Skip to content

[Bug Report] URDF Importer headless training error #1279

Closed
@Alkrick

Description

@Alkrick

Describe the bug

I recently upgraded to Isaac sim v4.2.0 and lab v1.2 from v4.0.0 and v1.0, I updated my rsl_rl train.py script to match the example provided in the workflows/rsl_rl directory.

I get multiple errors when running the train.py with --headless tag.

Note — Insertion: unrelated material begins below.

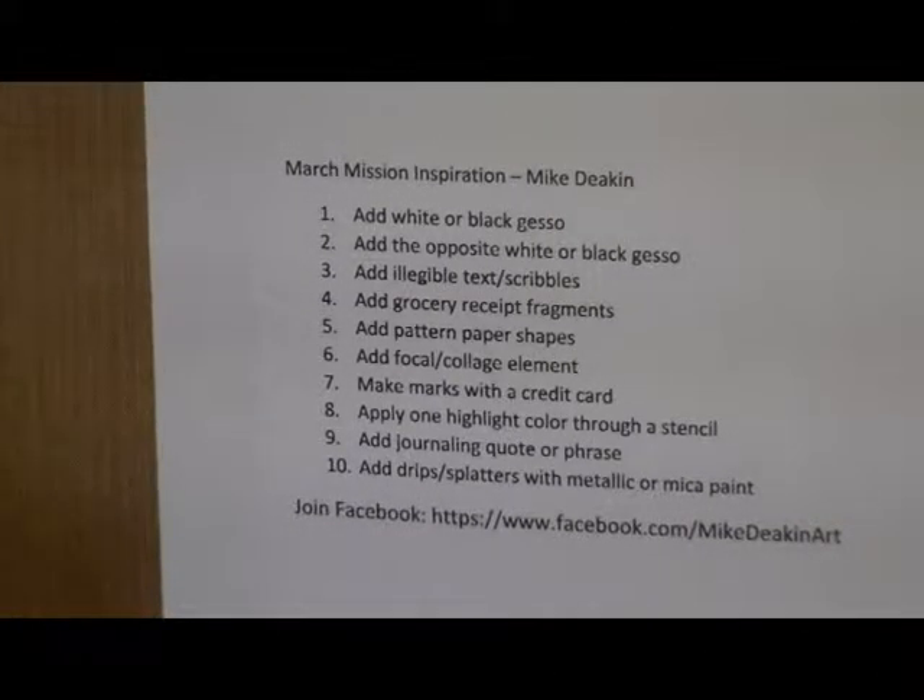Hello creative friends, this is Joy coming to you with another art journal page. This week I decided to follow along with Mike Dinkins' art journal page that he did for the March Mission inspiration, and see where it takes me. There are 10 things on the list that you go through and do on your journal page and see how it comes out in the end.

They seem to be caused by the URDF importer when running headless:

image

the program seems to run without any issues when --headless is not used.

Testing:

  1. Running the updated play.py script also does not produce the error either, running it with --headless produces the error.
  2. Running the train.py script headless using a robot with a usd file instead of urdf does not produce the issue either.

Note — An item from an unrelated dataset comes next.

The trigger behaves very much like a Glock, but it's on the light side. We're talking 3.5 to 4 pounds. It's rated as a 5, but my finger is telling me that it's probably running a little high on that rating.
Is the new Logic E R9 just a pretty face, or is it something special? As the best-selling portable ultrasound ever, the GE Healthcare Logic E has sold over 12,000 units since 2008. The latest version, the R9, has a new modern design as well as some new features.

so I concluded that is probably some weird interaction when running the urdf importer while headless. The program does not crash after the error is printed, the training process starts working as expected.

Another error that happens when using URDF + headless is this:

image

Which seems to happen because of double init of gpu driver cache manager. It seems to be related to the first error since I couldn't reproduce it on its own, but I am not sure how they are related.

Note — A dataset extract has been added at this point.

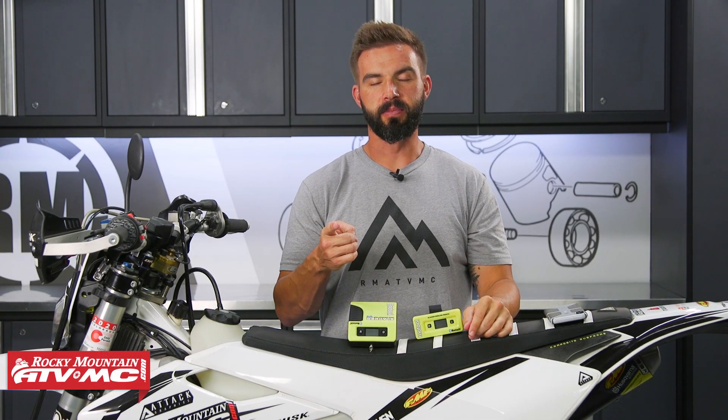Hey everyone, this is Chase with Rocky Mountain ATV MC. Today we're giving you a closer look at the Slacker Digital Suspension Tuner V4 from Motool.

I have attached the full terminal log as a .txt file.

terminal_log.txt

Steps to reproduce

I am not exactly sure what is causing the error so I don't know how to reproduce it other than running the rsl_rl training headless using a robot from a urdf file. This is my train.py file

# Copyright (c) 2022-2024, The Isaac Lab Project Developers.
# All rights reserved.
#
# SPDX-License-Identifier: BSD-3-Clause

"""Script to train RL agent with RSL-RL."""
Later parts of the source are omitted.